They all agree that the vests are very beneficial to them - especially at night or in low visibility situations. However, they have concerns about the cost to replace old vests, and whether the new ones will get in the way of their work during the day. Being a first responder is a tough job, and safety is key. But, more often than not, Oklahoma Highway Patrol (OHP) Trooper Tyrone Dixon says they are concerned for your safety if theirs is put in jeopardy. "Throughout the past we've had more injuries, more fatalities with troopers that have been hit by vehicles, rather than troopers that have been shot," he said.
The Federal Government is requiring new vests that are twice as reflective and bright as the old ones, and have tear away seams. But, Clint Wagstaff with Emergency Management says it's for their safety, and that of the drivers. "Drivers get tunnel vision and do not see the workers out there," he said. However, Lawton Police Chief Ronnie Smith says that replacing the old vests will not be cheap. To equip all officers with the new vests, it will cost the department about $6,000. "It's an unfunded mandate," he said. "So what are you going to do? If it's federal law, we gotta have them and are going to get them."

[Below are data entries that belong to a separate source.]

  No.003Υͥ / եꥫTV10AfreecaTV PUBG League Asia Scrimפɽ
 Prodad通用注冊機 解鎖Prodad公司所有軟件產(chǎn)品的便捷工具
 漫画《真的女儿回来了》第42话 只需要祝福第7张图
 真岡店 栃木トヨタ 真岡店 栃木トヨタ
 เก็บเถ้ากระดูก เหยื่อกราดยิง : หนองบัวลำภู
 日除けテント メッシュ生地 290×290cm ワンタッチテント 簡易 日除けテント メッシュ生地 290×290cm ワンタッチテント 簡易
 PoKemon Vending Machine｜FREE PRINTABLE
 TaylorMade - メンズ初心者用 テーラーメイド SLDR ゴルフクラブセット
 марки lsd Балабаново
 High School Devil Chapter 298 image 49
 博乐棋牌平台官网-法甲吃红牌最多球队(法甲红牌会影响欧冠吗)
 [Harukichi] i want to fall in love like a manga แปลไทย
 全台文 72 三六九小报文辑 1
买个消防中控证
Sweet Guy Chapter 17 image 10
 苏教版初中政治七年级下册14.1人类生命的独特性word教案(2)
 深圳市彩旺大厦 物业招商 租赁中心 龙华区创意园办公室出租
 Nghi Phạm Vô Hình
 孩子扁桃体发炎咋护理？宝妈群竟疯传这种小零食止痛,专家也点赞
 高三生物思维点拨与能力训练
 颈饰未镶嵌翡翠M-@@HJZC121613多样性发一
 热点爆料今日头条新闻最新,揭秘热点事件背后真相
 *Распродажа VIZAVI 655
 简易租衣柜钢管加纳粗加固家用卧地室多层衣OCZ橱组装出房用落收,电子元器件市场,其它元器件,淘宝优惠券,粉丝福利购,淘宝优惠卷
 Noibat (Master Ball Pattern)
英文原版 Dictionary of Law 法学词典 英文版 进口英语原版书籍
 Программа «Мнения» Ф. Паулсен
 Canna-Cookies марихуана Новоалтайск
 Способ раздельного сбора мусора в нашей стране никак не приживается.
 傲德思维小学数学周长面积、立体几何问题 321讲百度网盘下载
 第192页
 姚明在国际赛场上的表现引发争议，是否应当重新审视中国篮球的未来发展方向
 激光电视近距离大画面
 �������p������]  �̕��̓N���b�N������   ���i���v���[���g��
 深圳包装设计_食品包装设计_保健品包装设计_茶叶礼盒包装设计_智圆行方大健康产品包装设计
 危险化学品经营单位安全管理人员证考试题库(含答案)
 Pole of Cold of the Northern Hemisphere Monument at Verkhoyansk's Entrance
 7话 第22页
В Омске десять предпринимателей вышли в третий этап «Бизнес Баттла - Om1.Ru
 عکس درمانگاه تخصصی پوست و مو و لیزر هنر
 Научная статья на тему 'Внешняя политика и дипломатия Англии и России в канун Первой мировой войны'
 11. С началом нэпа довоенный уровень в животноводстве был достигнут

In addition to the expense, some first responders, such as training officer for the Lawton Fire Department, Michael Merritt, question the additional safety the vest will provide. "One of the questions that we have to ask ourselves is, whether that is that going to draw more attention to us to where the people will be looking at us and be more distracted as they drive by."
The federal mandate goes into effect November 24, and so far, first responders say the biggest issue is simply finding a vest that meets the new standards. There are some exceptions to the mandate. If responders are performing a duty that will be hindered by the colorful vests - such as a sting operation or manhunt - they will not be required to wear them.